We’ve also branched out, a bit, from the little church cookbooks and the Campbell’s casseroles, delightedly devouring plates of kibbeh and dolmas and mole at the various little family restaurants which sprang up in our small towns. We eagerly awaited the Tamale Man’s bell, as he strode the streets and favored certain corners with his fragrant cart. He dispensed who-knows-what in those rustly shucks of masa and mysterious tomato-tinted middles, and we scarfed them up as eagerly as kids and candy.

And there was more than one of him, with the Saturday route delineated and adhered to like the Blue Line---ours was a big, bustly guy, past middle age, whose as-white-as-Clorox-could-make-it-between-spills chef’s jacket and glistening ebony cheeks were a welcome sight as he hauled tins and boxes and coffee cans and trays out of the depths of that white steamer. We embraced the exotic and the spicy and the new, adopting the latugie and ravioli of our Italian neighbors, and The Good Church Ladies vying with each other to follow Mrs.

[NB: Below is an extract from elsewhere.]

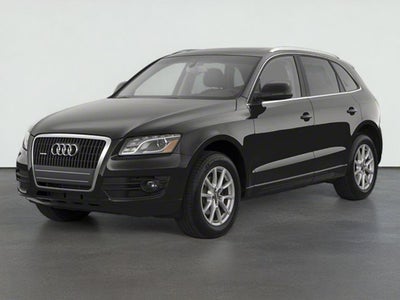 2011 Audi Q5 2.0T Premium quattro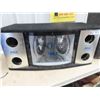 Image 2 : (DS) Pyle Blue Label 1000 Watt 2 Way Led & Kicker Speaker System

Kowalski’s recipe perfectly and set down the most beautiful golden varnishes onto the table at Second Saturday Church Suppers.

But of our own recipes, aside from fried chicken and perhaps the shrimp-and-grits flurry of several years ago, there's still a whole big world out there, uneducated and unenlightened to the sumptuous dishes of the Southern Table. There are palates which never tasted hushpuppies straight from the big black fishcamp pot, eyes which never beheld a Red Velvet cake or a golden-meringue-topped ‘nanner puddin straight from the oven in its oblong Pyrex, vanilla wafers standing proudly like soldiers against the sides. There is somewhere, I'm sure, a dear soul deprived of the tongue-curling scent of REAL barbecue, the smoke rising from the crusty rungs of that pit like praise to Heaven.


Whole nations go through life without biscuits and molasses, or a glimpse of that crusty-topped baked corn coming steaming out of the oven in its own black skillet, the same skillet which every day turns out fried chicken and okra and catfish to make an emperor swoon. Lives are lived, inventions patented, work done, educations sought and achieved, music composed and books written, all by people whose own lives would be changed and enhanced by mere introduction to the wonderful, rich heritage which is the Southern Kitchen.

Our Southern roots are ingrained, but we are more and more every day being inundated and saturated with all the wonderful cuisines from all around the world, the sushi and the greens and wok-cooking and tagine-cooking and so many luscious amalgams and mixtures and spices and grains---it seems selfish not to share and keep sharing the glorious table spread by Southern cooks, no matter what their locale.